Шрифт:
Интервал:
Закладка:
Приемы мои вы видите и сами. В «Глухой поре листопада» – это объективное письмо, обычное повествование. В «Завещаю вам, братья…» – мемуары двух разных и по возрасту, и по общественному положению, и в политической позиции, и в отношении к главному герою людей. В «Судьбе Усольцева» – записки героя и комментарии историка-архивиста. Важно не только прием найти, но верный тон, обеспечивающий точное владение приемом. «Судьба Усольцева» легче всего написалась.
А вообще специально и загодя я об этом не думал. Вот, например, считаю безумно дефицитным жанром в сегодняшней прозе исторический рассказ. Но точно знаю, что я в этом жанре работать не могу.
Ю.Б.: В ваших ранних книгах о русских революционерах в качестве действующих лиц оказывались не реальные исторические персонажи, а то ли их псевдонимы, то ли некие собирательные образы. Так, в романе «Март», выводя Дегаева и Судейкина, вы прикрыли их фамилиями Паутова и Порфирьева. А в Денисе Волошине хоть и угадываются черты и повадки известного народовольца Баранникова, но биографии и того и другого не во всем соответствуют. Однако уже в третьей книге трилогии о Василии Ярцеве – «Этот миндальный запах…» – вы во многом отошли от такого способа: Буренин и Ратко, Савинков и Трепов, Каляев и Крупская выступают под своими именами, хотя, казалось бы, прежний принцип представлял большую свободу для сюжетостроения. Что побудило вас к этим изменениям?
Ю.Д.: Вымышленный персонаж, конечно, предоставляет большую свободу, хотя я и тут старался придерживаться строгой системы исторических координат: герой – вымышлен, обстоятельства – нет. Но потом пришло ощущение человека, накопившего силенки и решившего попробовать их на настоящем. Свобода мне надоела, прискучила. Невымышленный, подлинный исторический персонаж стал интереснее. Нынче у меня с ним быстрее и лучше возникает внутреннее общение. И что очень для меня важно, живой, невымышленный человек всегда, на мой взгляд, успешнее сопротивляется шаблону, он не дает загнать себя в привычную литературную или историческую схему. Он сопротивляется заскорузлому литературному мышлению, он мне сопротивляется, – и это мне интересно.

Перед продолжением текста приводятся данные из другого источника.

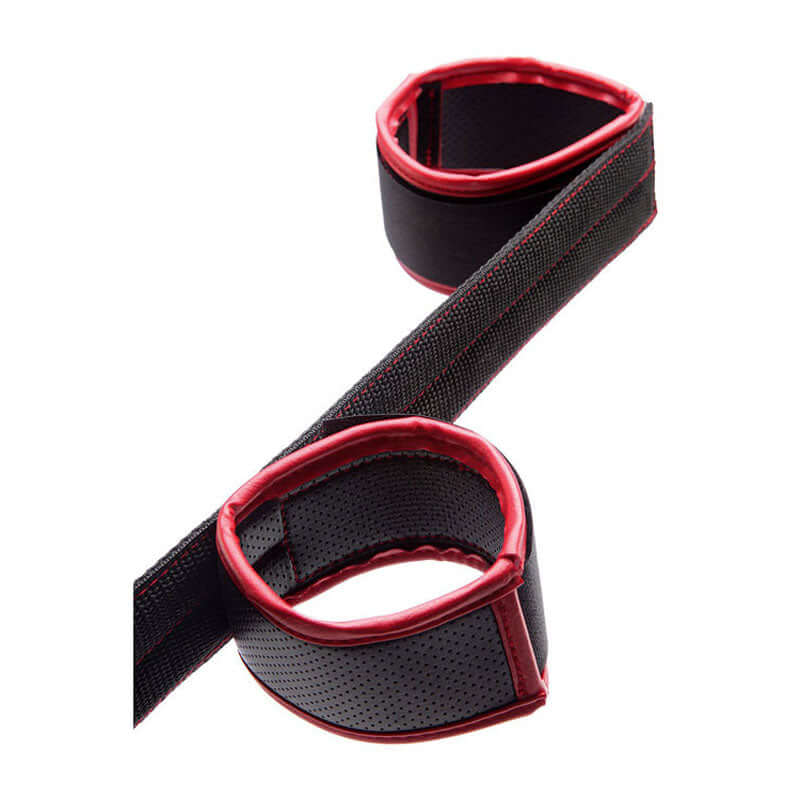 Adam & Eve Scarlet Couture Spreader Bar - Black/Red Restraint
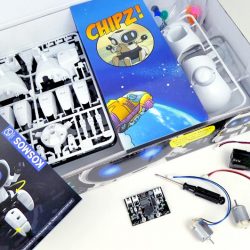 Kinder-DIY-Trends-Roboter-Experimentierkasten-KOSMOS-Chipz-bauen-Inhalt-Verpackung Experimentierkasten Roboter bauen für Kinder ab 8 Jahren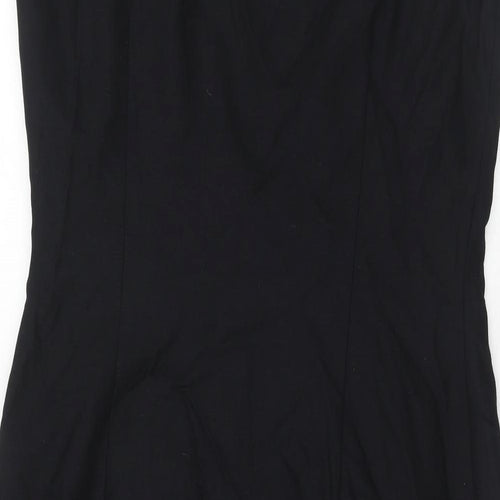 Lakeland Womens Black Viscose A-Line Size 14 Round Neck Zip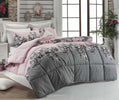 EPONJI PARURE COPRIPIUMINO RODEZ POLVERE E GRIGIO Casa e cucina/Tessili per la casa/Biancheria da letto/Copripiumini e set da letto/Copripiumini Scontolo.net - Potenza, Commerciovirtuoso.it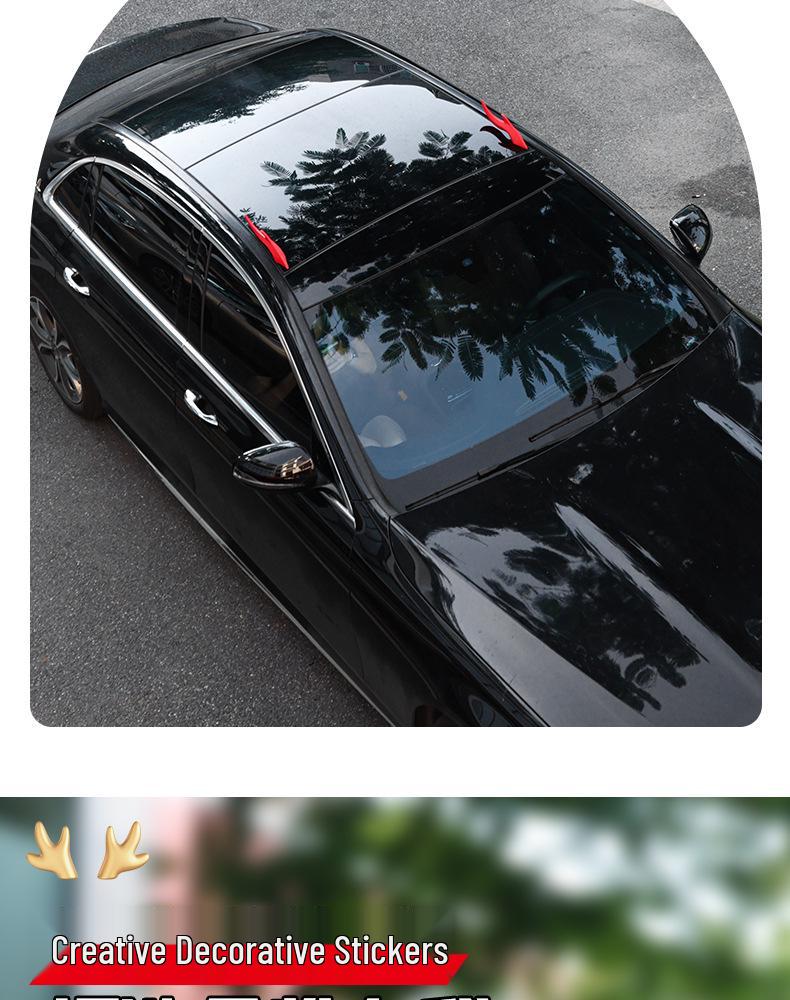 Universal Dragon Horn Car Roof Decoration: Creative Sedan Exterior Light Flow Fin Modification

Я считаю, что во всякой литературе, и в частности в исторической прозе, есть обязательный элемент: борьба с небытием, со смертью. И когда я работаю с невымышленным персонажем, я словно показываю кукиш смерти, воскрешая его. Это ощущение возникает уже тогда, когда просто назовешь человека его подлинным именем. В «Глухой поре листопада» даже третьестепенные персонажи – дворник, матрос, слуга – названы своими подлинными именами. Может быть, наивно так думать, по-моему, просто напечатанное через сто лет имя человека, некогда жившего, есть сопротивление смерти.
Да, это наивность, но она из тех, на которых многое держится.

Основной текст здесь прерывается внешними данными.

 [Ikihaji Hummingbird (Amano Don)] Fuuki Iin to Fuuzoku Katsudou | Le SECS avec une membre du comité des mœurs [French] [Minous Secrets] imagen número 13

Невымышленный персонаж со всеми подлинными обстоятельствами его жизни порой мешает построению сюжета, может снизить сюжетную напряженность. Мне, случается, нужно для сюжета, чтобы два персонажа встретились и между ними нечто произошло. А они не встречались никогда – и все тут. Конечно, я помню и знаю, что исторической прозе не запрещены некоторые смещения, отказаться от них было бы ненужным ригоризмом, а порой и недопустимым психологическим враньем. Но я все же к смещению прибегаю в редких случаях. Мне интереснее даже в этом плане помужествовать, побороться с материалом.
Ю.Б.: Внимательный читатель ваших книг о революционерах, я должен сказать, что от книги к книге ощутимо нарастало ваше знание эпохи в ее крупных и мелких проявлениях. Вы даже порой позволяете себе пококетничать этим знанием, можете употребить совершенно зашифрованное для нынешнего читателя выражение, например «ослопные свечи». Нарастание это шло и вширь – чувствовалось, что ваш интерес распространяется на все большие слои и прослойки тогдашнего общества, – и вглубь: увеличивалось понимание психологии тогдашнего человека и фигуры ваших героев становились объемнее.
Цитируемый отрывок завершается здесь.